Los mercados suelen ser, en las poblaciones normales, el centro de la vida social. No por casualidad su nombre se confunde, en muchos idiomas, con el de plaza, lo que indica su condición de centro de reunión, encuentro e intercambio de bienes, saludos, sentimientos y, en definitiva, de indicador del pulso de la comunidad.

Si esto lo trasladamos a la Plaza Central de San Fernando, fácil y descorazonadoramente caeremos en la conclusión de que la ciudad está adormecida, si no moribunda. Visitas cualquier día de la semana el mercado viejo y compruebas que pese a las renovaciones externas, el latido es cada vez más débil.
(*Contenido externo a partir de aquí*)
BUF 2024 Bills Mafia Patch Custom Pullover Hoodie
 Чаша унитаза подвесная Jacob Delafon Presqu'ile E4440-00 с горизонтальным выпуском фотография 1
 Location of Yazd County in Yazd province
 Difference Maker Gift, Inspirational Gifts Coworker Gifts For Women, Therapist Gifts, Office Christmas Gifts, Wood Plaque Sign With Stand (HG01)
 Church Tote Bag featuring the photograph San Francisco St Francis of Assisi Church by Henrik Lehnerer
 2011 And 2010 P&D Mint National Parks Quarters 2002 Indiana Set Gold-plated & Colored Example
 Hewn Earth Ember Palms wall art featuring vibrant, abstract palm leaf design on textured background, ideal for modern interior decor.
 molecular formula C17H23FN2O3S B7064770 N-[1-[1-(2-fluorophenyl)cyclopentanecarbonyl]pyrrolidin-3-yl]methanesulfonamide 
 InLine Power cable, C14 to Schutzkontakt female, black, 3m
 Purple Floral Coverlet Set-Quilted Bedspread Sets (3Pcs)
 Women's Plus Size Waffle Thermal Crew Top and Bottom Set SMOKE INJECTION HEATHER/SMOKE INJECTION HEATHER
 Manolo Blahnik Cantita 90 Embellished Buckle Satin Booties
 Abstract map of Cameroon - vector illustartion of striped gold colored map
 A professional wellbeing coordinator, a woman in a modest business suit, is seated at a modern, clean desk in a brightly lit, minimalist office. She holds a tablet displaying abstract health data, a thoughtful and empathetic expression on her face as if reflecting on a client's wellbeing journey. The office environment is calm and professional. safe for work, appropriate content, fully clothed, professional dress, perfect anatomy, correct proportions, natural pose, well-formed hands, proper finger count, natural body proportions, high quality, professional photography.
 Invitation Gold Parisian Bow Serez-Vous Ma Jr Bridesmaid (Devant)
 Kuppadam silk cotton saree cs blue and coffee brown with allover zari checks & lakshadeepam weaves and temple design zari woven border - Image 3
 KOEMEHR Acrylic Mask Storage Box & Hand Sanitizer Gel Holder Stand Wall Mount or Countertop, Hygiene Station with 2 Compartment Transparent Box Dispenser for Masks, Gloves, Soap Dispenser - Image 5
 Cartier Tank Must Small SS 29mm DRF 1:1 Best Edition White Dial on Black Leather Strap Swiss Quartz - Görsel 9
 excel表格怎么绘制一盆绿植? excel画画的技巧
Como un anciano al que se le van reparando órganos, limpiando y medicando pero camina irremediablemente a su final.

Un sábado por la mañana (no hace tanto jornada estrella, rebosante de bullicio, trasiego y ruido) das una vuelta por sus pasillos y un envolvente casi silencio te dice que algo no va bien; hay casi tantos puestos cerrados como abiertos y ante ellos no se amontona la gente; en los alrededores incluso cierran bares emblemáticos que antes no daban abasto a despachar desayunos y raciones de churros.

Una de las obligaciones del viajero curioso es visitar los mercados de los lugares que visita, mirar con admiración o indiferencia los colores de las frutas y verduras, la palidez o el sonrosado de las carnes y el brillo del pescado. En esos espacios puede comparar los olores penetrantes de Oriente y el griterío de los latinos, la asepsia de los nórdicos y el refinamiento de los franceses y, con gusto, ir pensando en qué lugar del equipaje guardará ese queso al que le ha echado el ojo o ese tarrito de producto típico que disfrutó en algún restaurante.

Sin embargo, recorriendo la Plaza de La Isla, ¿qué se va llevar el osado visitante?